* **DATASET EXCERPTS**:
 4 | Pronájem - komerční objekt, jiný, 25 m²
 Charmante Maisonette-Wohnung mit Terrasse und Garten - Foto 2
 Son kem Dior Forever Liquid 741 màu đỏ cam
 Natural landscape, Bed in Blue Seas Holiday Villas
==
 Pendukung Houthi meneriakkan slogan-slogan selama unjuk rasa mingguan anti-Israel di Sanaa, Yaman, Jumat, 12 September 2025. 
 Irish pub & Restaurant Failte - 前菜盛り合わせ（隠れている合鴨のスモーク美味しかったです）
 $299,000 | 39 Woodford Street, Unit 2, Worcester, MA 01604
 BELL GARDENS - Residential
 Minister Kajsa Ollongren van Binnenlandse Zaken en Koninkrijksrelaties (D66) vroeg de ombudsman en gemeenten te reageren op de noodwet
==
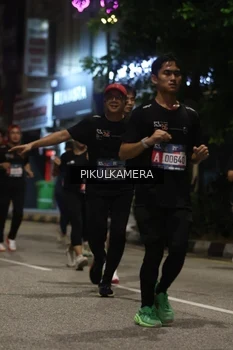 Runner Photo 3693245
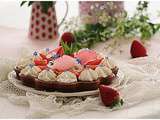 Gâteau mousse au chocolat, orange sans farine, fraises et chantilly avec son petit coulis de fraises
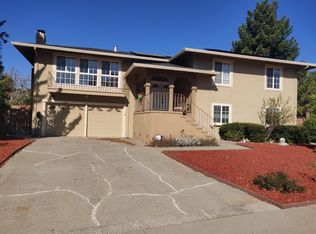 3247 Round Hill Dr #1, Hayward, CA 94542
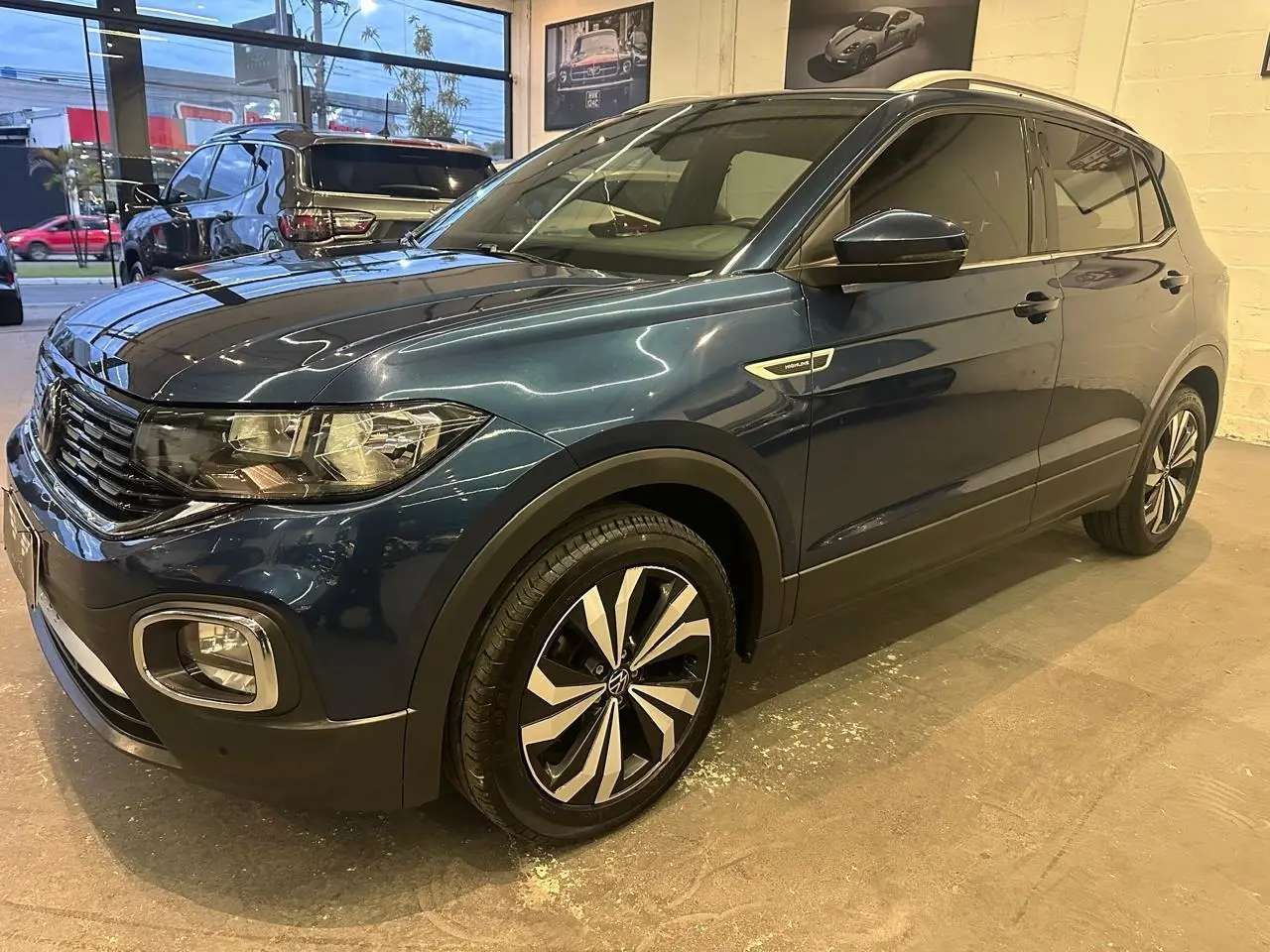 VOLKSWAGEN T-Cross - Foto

* **EXERCISE OBJECTIVE**: Return, unchanged, the run of lines above that opens with the line containing "4 | Pronájem - komerční objekt, jiný, 25 m²" and closes with the line containing "Natural landscape, Bed". Include both.

* **EXERCISE SOLUTION**:
 4 | Pronájem - komerční objekt, jiný, 25 m²
 Charmante Maisonette-Wohnung mit Terrasse und Garten - Foto 2
 Son kem Dior Forever Liquid 741 màu đỏ cam
 Natural landscape, Bed in Blue Seas Holiday Villas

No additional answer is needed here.